When you are ready to modify Service 1, you first make a copy of the database that will not be shared, as depicted in Figure 8-3. Instead, Service 1 will read from this database while Service 2 and Service 3 will continue to read from the shared database. Note that all the updates still go to the same message queue, but now the unshared database becomes a second consumer of the data. This in effect isolates the legacy services from the impact of modifications to Service 1.

ndsa 0803
Figure 8-3. Changes are easier to make in a stream-based architecture because components are decoupled. Here, the addition of a copy of the database makes it possible to isolate the legacy services and the shared database from a newly modified Service 1. All three update the same message stream, but the legacy services can subscribe to a subset of the updates, while Service 1 can subscribe to all of them if desired. This decouples the impact of modifications to Service 1 from the legacy parts of the system.

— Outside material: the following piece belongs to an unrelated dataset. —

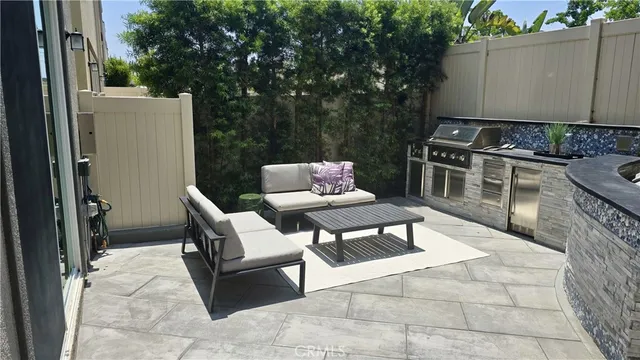 a backyard of a house with table and chairs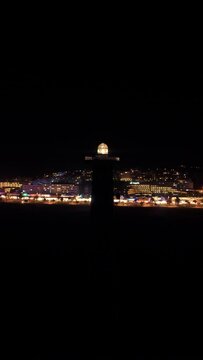 Jandia lighthouse at night aerial drone shot circling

This example is an extreme simplification to help you see how decoupling can allow you to make the transition from a traditional system to this new streaming architecture in stages. In practice, there are likely to be some issues that come up during the decoupling. One of the most serious is a dependency on transactional updates to the database. In some cases, such transactional updates can be isolated to a single service or some services may treat the database as a pure consumer, thus making the decoupling very easy. Another strategy that may be useful is to send high-level descriptions of the transaction into the message queue rather than just the low-level updates to the database tables. Sending high-level updates helps abstract the system away from the details of the database and is therefore recommended in any case.

The prospect of some difficulties should not dissuade you, however. This same basic process has been used by substantial companies in order to move legacy systems into microservices architectures.

Conclusion

With this new stream-based approach to designing architecture for big data systems, you gain greater control over who uses data and how you can build new parts of your system as you go forward. You also join the flood of people who are beginning to take advantage of streaming data with all its benefits.

"Overall, streaming technology enables the obvious: continuous processing on data that is naturally produced by continuous real-world sources (which is most “big” data sets)."1

Fabian Hueske and Kostas Tzoumas, Committers and PMC members of Apache Flink

Most of the time, streaming data is just a better fit for how life happens.